What do the lines say from the start of the entries through the one containing "На опережение стихии: профилактика"? Repeat them exactly.

##############################

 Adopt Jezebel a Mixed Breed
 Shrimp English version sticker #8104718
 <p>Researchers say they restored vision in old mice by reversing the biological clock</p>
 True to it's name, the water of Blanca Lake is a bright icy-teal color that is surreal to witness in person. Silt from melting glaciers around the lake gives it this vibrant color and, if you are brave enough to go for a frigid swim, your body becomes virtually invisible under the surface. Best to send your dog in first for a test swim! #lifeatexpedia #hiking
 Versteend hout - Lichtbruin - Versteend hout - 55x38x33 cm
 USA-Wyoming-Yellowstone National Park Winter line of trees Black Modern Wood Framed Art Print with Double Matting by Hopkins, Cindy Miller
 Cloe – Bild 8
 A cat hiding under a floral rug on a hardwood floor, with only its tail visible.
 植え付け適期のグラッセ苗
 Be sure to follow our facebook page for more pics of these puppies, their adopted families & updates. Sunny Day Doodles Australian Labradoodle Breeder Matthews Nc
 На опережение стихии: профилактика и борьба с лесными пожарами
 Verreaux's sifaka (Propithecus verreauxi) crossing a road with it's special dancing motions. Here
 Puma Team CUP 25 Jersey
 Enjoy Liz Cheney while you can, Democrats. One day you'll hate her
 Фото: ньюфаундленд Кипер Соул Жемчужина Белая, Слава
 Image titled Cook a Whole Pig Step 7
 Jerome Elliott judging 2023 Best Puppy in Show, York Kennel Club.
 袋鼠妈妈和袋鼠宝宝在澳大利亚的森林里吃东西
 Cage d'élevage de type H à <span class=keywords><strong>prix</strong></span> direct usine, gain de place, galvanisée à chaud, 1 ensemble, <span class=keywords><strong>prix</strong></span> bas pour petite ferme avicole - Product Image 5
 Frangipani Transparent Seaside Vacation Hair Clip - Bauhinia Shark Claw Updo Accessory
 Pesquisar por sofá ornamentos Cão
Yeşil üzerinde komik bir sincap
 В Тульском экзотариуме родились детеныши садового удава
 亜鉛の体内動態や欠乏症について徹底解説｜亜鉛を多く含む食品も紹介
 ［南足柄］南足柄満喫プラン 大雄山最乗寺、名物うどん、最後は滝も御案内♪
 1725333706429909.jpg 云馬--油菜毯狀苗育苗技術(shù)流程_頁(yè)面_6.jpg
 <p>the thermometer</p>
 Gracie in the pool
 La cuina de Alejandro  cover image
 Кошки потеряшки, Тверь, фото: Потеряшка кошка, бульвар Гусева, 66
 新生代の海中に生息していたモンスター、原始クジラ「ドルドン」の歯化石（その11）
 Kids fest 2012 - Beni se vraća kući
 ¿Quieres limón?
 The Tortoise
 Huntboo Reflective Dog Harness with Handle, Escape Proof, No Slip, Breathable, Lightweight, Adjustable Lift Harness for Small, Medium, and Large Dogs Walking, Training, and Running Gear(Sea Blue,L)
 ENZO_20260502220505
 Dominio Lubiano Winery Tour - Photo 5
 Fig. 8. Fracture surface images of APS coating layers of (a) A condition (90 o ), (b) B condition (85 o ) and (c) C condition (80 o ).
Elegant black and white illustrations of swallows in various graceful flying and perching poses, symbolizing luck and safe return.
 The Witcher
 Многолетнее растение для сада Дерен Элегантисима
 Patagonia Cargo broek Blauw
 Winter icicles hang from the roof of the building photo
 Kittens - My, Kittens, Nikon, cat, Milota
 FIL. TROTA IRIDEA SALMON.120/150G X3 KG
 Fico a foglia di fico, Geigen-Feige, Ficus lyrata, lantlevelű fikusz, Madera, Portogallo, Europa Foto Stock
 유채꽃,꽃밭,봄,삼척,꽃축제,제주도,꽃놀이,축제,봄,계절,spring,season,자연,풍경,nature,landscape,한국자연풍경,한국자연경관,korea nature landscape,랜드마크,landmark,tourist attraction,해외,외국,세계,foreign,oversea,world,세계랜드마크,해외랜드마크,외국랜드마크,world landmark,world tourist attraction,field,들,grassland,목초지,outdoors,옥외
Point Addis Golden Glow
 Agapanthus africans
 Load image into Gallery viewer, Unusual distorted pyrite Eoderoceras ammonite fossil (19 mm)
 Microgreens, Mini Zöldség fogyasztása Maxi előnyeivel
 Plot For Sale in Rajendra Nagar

##############################

**Result below:**
 Adopt Jezebel a Mixed Breed
 Shrimp English version sticker #8104718
 <p>Researchers say they restored vision in old mice by reversing the biological clock</p>
 True to it's name, the water of Blanca Lake is a bright icy-teal color that is surreal to witness in person. Silt from melting glaciers around the lake gives it this vibrant color and, if you are brave enough to go for a frigid swim, your body becomes virtually invisible under the surface. Best to send your dog in first for a test swim! #lifeatexpedia #hiking
 Versteend hout - Lichtbruin - Versteend hout - 55x38x33 cm
 USA-Wyoming-Yellowstone National Park Winter line of trees Black Modern Wood Framed Art Print with Double Matting by Hopkins, Cindy Miller
 Cloe – Bild 8
 A cat hiding under a floral rug on a hardwood floor, with only its tail visible.
 植え付け適期のグラッセ苗
 Be sure to follow our facebook page for more pics of these puppies, their adopted families & updates. Sunny Day Doodles Australian Labradoodle Breeder Matthews Nc
 На опережение стихии: профилактика и борьба с лесными пожарами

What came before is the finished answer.